On Tuesday, Pistorius wept and wailed while describing the moments he said he realised he had fatally shot Steenkamp. Pistorius mostly kept his composure on Wednesday, though he often paused and his voice quavered while describing what he said were his desperate attempts to help Steenkamp after shooting her. As so often in the trial, Pistorius then descended into near hysterical crying, his hands over his face as he rocked from side to side, forcing an adjournment. His family, sitting the public gallery, were visibly appalled by Nel's aggressive approach and shook their heads in disgust.

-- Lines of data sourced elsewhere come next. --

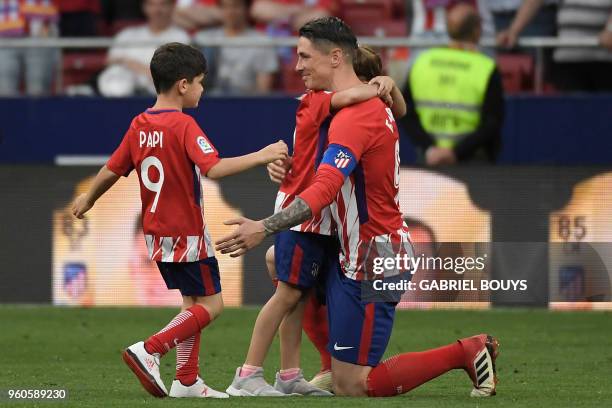 Atletico Madrid's Spanish forward Fernando Torres hugs two of his children Nora and Leo during a tribute at the end of the Spanish league football...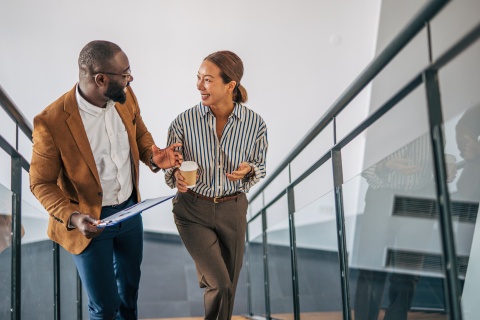 Colleagues in Brazil walking and talking downstairs in an office building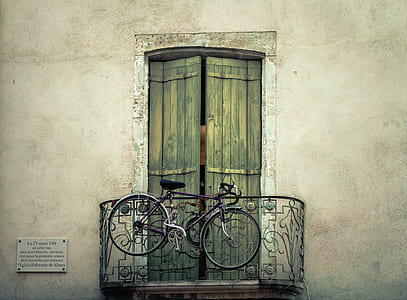 hanged bicycle on metal balustrade thumbnail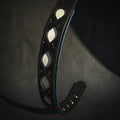 Black dog collar with teal piping and stitched geometric insets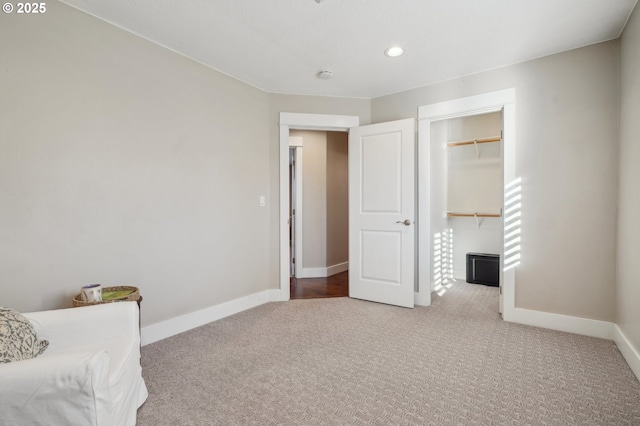 carpeted bedroom featuring recessed lighting, a closet, a spacious closet, and baseboards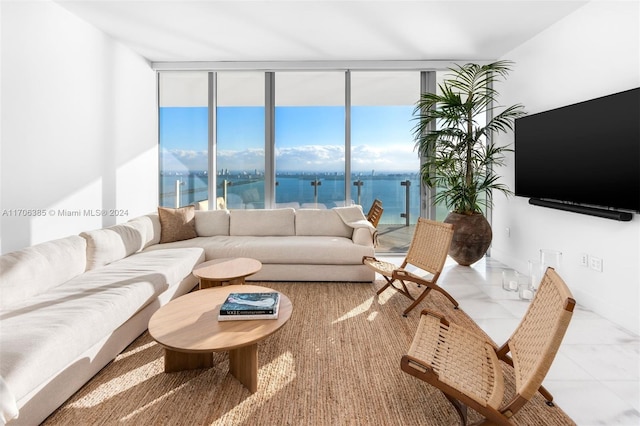 living room with floor to ceiling windows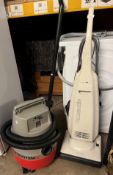 An Aqua Vac MultiSystem 22 wet & dry vacuum and a Panasonic MC-E450 upright vacuum cleaner,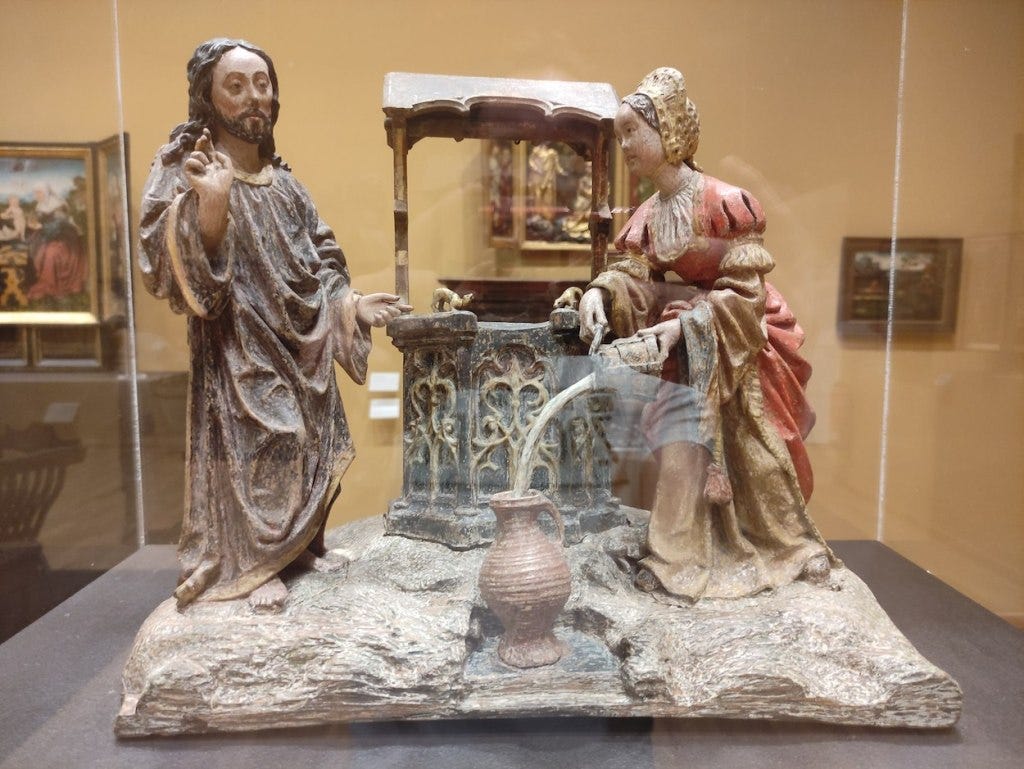 Statue in a display case of Jesus with a Samaritan woman at a well. The woman is looking straight at Jesus while pouring water into an amphora, with the stream going directly in even while she isn't looking. Statue in a display case of Jesus with a Samaritan woman at a well. The woman is looking straight at Jesus while pouring water into an amphora, with the stream going directly in even while she isn't looking.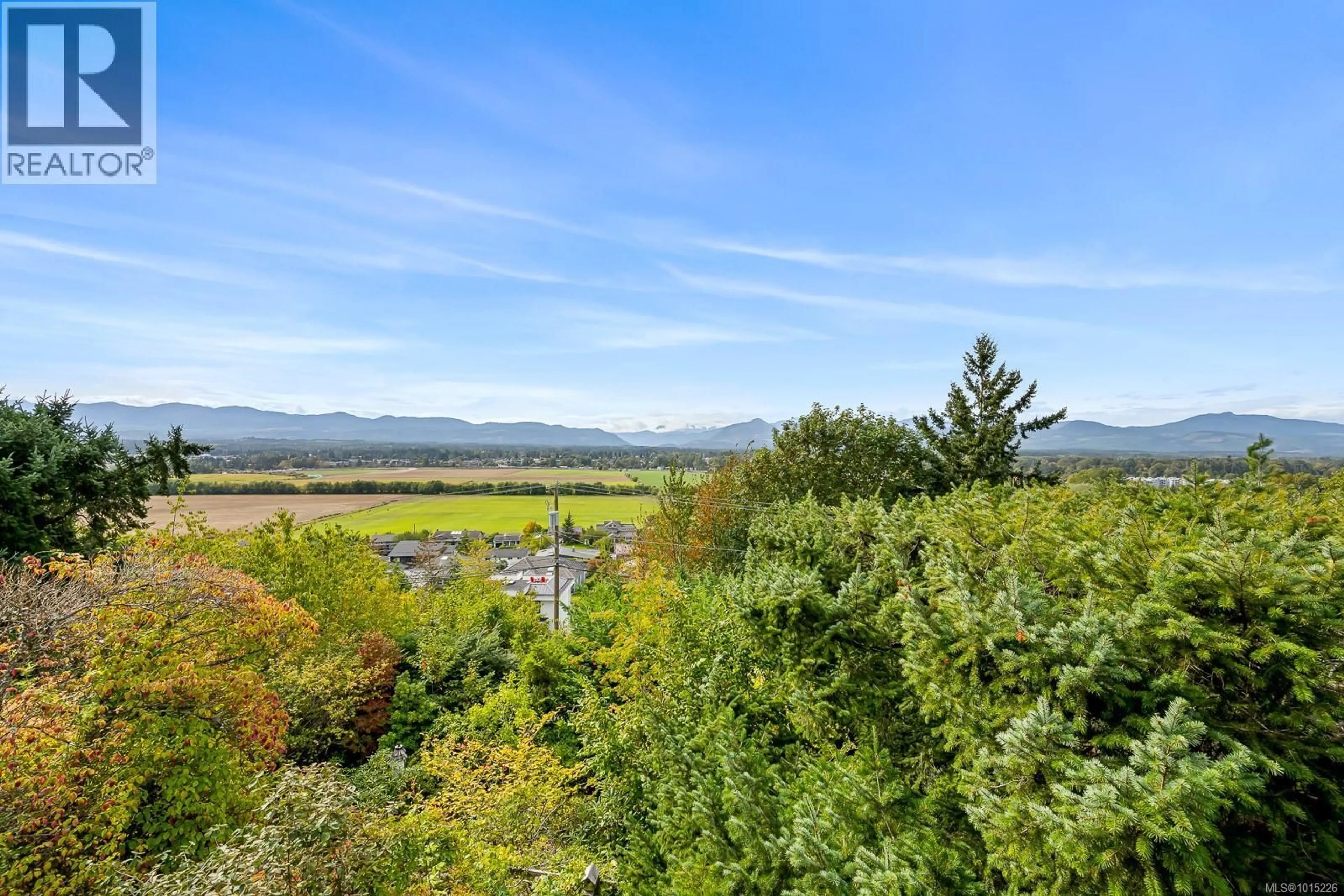 A pic from outside/outdoor area/front of a property/back of a property/a pic from drone, mountain view for 1345 GLEN URQUHART DRIVE, Courtenay British Columbia V9N3Y3
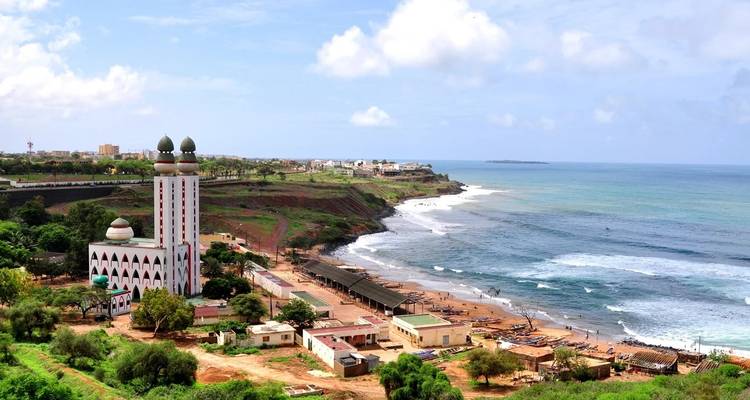 Une vue côtière surélevée montre une grande mosquée aux deux tours jumelles et des villages côtiers à côté des vagues turquoise de l'Atlantique.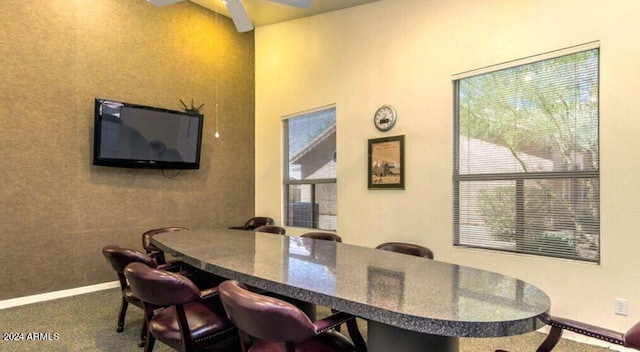 dining room with carpet flooring, a ceiling fan, and baseboards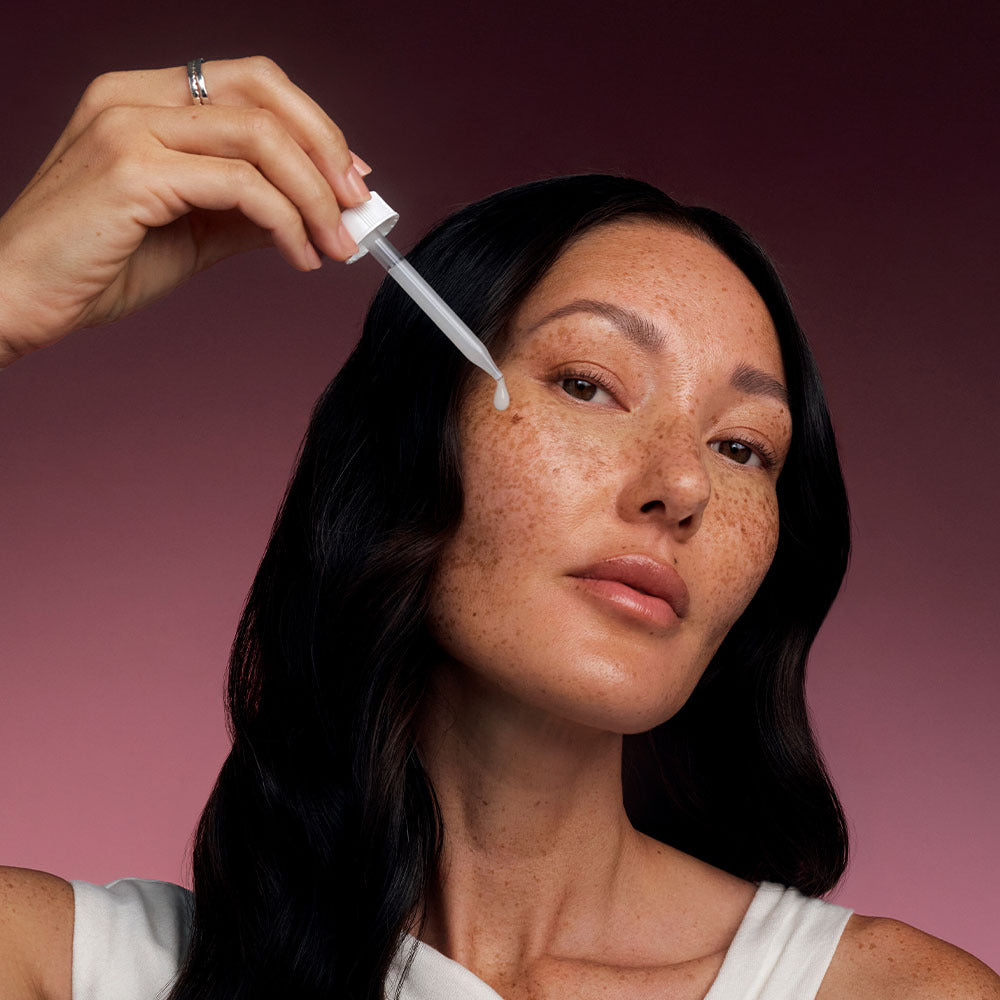 Woman applying Bio-Renew EGF Drops serum with a dropper to her cheek against a pink gradient background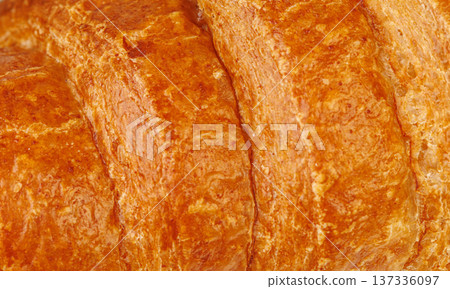 Extreme close up of crispy croissant texture. Macro shot of golden brown flaky puff pastry surface. 137336097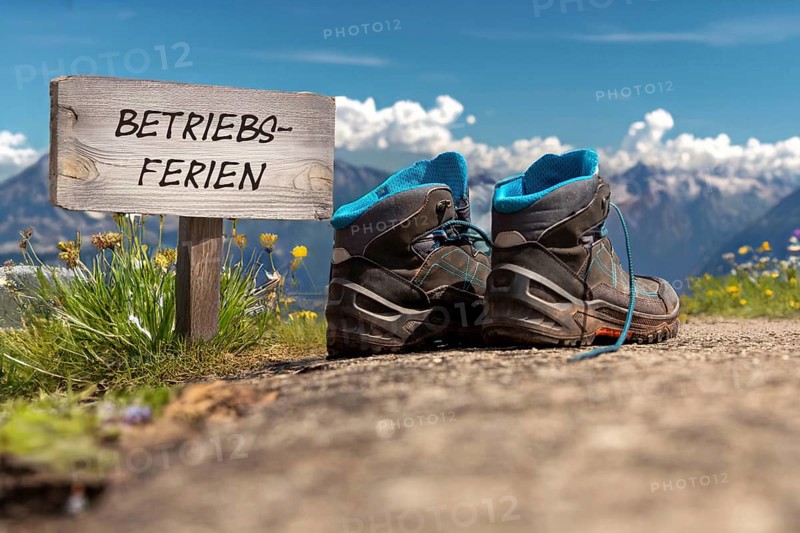 Symbolic image of company holidays/summer holidays: Hiking boots in front of an alpine backdrop and a sign with the inscription BETRIEBSFERIEN (company holidays)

"Reeva had died while I was holding her," Pistorius said after describing how he put his fingers in her mouth to try to help her breathe and put his hand on her hip to try to stop bleeding from one of several gunshot wounds. Nel went on to poke holes in details of Pistorius's version of the events in the early hours of 14 February last year. The runner conceded that his claim in a statement a year ago that he went out onto a balcony at his home before the shooting was incorrect. Pistorius said he went to the edge of the balcony but not outside.
He then questioned Pistorius about the moment he opened fire. The athlete described it as an "accident" and insisted that he had not intended to kill anyone, even an intruder. "I didn't have time to think," he said. "I just discharged my firearm.
"I didn't intend to shoot someone. I shot out of fear... I didn't intend to kill anyone... I didn't have time to think about what I was doing... Before thinking I fired four shots. When I realised the scale of what was happening I stopped firing."
Earlier, Pistorius described his frantic attempts to revive Steenkamp after he found her lying on the toilet floor and how she had died in his arms, her blood pouring over his body. "I checked to see if she was breathing and she wasn't," he said. "I could feel the blood was running down on me."
He called an ambulance but it was too late. "Reeva, Reeva had already died whilst I was holding her, before the ambulance arrived, so I knew there was nothing they could do for her."
He finished his answers to the defence by saying: "I did not intend to kill Reeva, my lady, or anyone else."
He faces a possible prison term of 25 years to life if convicted of murder.